Stefano has complete faith in his GPS navigator. So do I, normally…even though on a couple of occasions in the UK we’d somehow ended up in a cow field (I kid you not) instead of our B&B. But that’s another story and, to be fair, we haven’t yet had a problem with the super new GPS system.
Yesterday, though, I could tell something just wasn’t right. My friend Ben had dictated meticulous “how to get here” instructions to me over the phone, and I had double-checked them via Google maps. To be triple sure, I’d also printed the driving directions I’d found on the (rented) villa’s website, which even provided photos of various landmarks, such as the gas station where we were supposed to turn right and so on. No way we could get lost, I thought.
According to my directions, we were supposed to get off the highway upon reaching the city of Lucca, about an hour’s drive from Florence, but Stefano’s navigator wanted us to keep driving toward Pisa. Then it directed us to get onto another highway, this time heading north, towards the port city of Genoa.
At that point, I piped up and said: “I think we’ve made a mistake. We’re going towards the sea, but we should be heading toward the Apennine mountains, based on what Ben told me.”
Stefano snorted with contempt and replied: “Don’t worry. I told the navigator to give us the fastest route, not necessarily the shortest.”
We kept going towards Genoa.
We finally got off the highway and began slowly climbing up the side of a mountain…one of those incredibly narrow winding bendy curvy roads that I’ve experienced only in Italy and that really shouldn’t be a two-way road at all. But this one was. Of course. Yikes.
And we finally (and safely!) reached our, er, destination. Now, I don’t remember the exact name of the town…It began with a “T,” so let’s just call it Torciglione. Well, Torciglione turned out to be no more than a few houses clinging to the side of the mountain.

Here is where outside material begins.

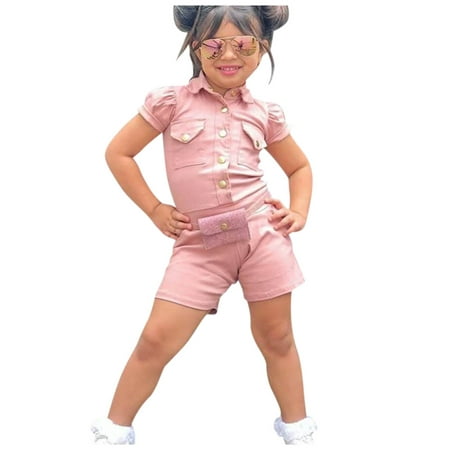 

THE WILD Toddler Baby Girls Fashion Short Sleeve Solid Button Overalls Jumpsuit Clothes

We stopped in what I suppose was the main square, barely wider than the narrow road, and I asked a man if he could direct us to the villa. After glancing at my printed instructions, he exclaimed: “Oh no, you’re in the WRONG Torciglione! The Torciglione you’re looking for is on the OTHER SIDE OF THE MOUNTAIN.”
I didn’t dare look over at Stefano.
Stefano turned the car around (managing somehow not to dive off the cliff), and we went slowly back down the mountain, retracing our steps to Lucca.

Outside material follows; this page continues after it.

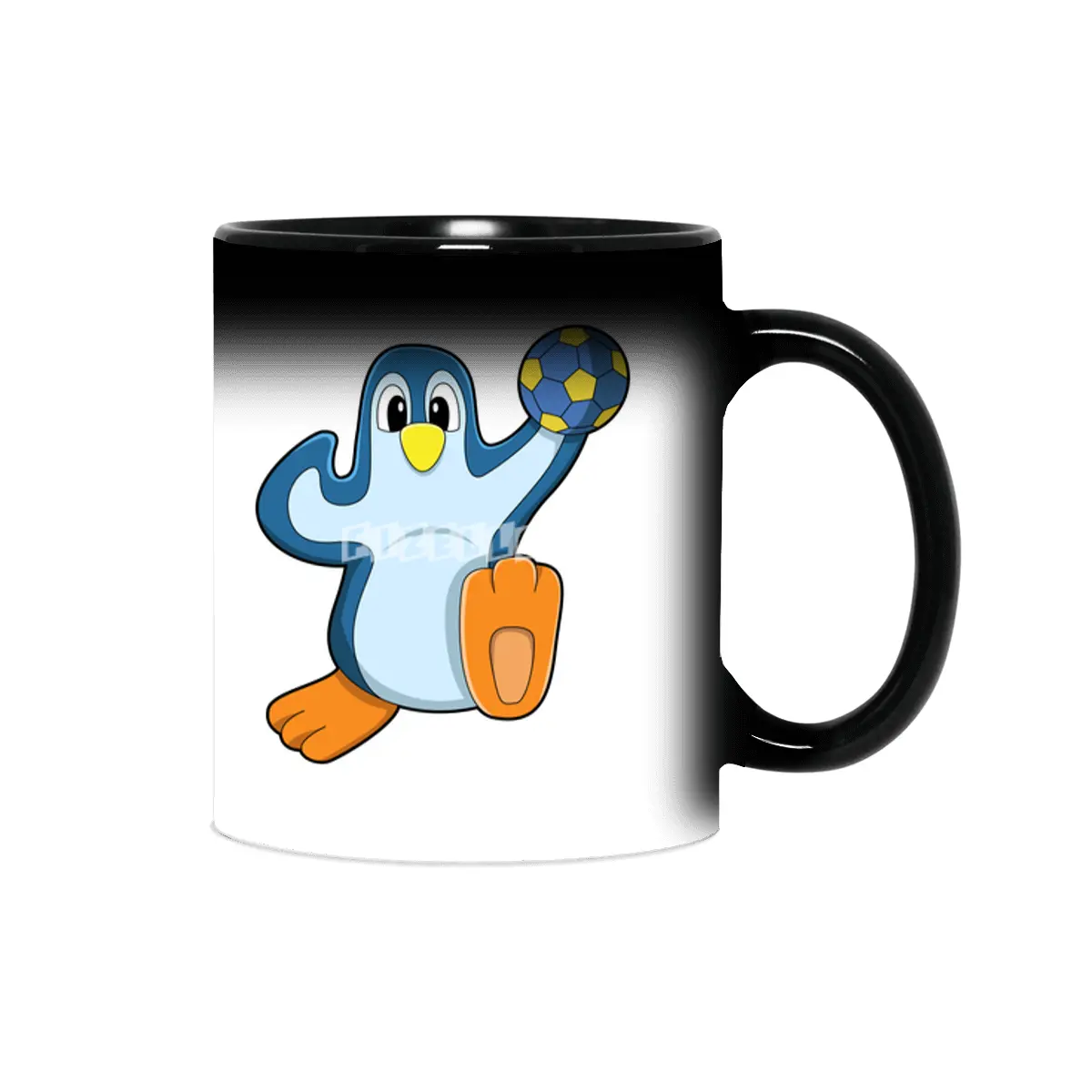 Penguin as Handball player with Handball Sihirli Kupa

I tried to restrain myself, I really did, honest!, but it was no use. It began as a stifled giggle. Then guffaws. Finally tears began streaming down my face. Stefano kept driving, looking fierce, the “don’t talk to me or I’ll bite your head off and spit it out the car window” type of fierce.
Finally I managed to sputter: “Well, if we ever need to return to Torciglione no. 1, at lllllleast…at least now we know THE FFFF….FFFFASTEST RRRROUUUUUTTTTTEEEEE…” And then I let it all out. I just howled with laughter, all doubled over, clutching my sides. Stefano ended up laughing, too.

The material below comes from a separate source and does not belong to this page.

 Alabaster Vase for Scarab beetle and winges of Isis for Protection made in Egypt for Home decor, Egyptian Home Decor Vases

How odd, though, to find TWO towns with the SAME name in the SAME area…a mere 20-25 minute drive from each other. Yep, verrrry odd.
Anyway, we finally got to the right Torciglione…and the right villa. After hugging and kissing (and being introduced to various family members), Ben, Stefano and I headed up to the salt-water swimming pool, located on the top of a hill covered by a gorgeous olive grove…surrounded by lovely views of the Apennines (my photo doesn’t do justice to the view, but I was too distracted and didn’t even think about taking more decent photos). Stunning, absolutely stunning. We jumped into the pool, ahhhh blissssss!, and stayed there until it was time for us to leave, catching up and chatting non-stop.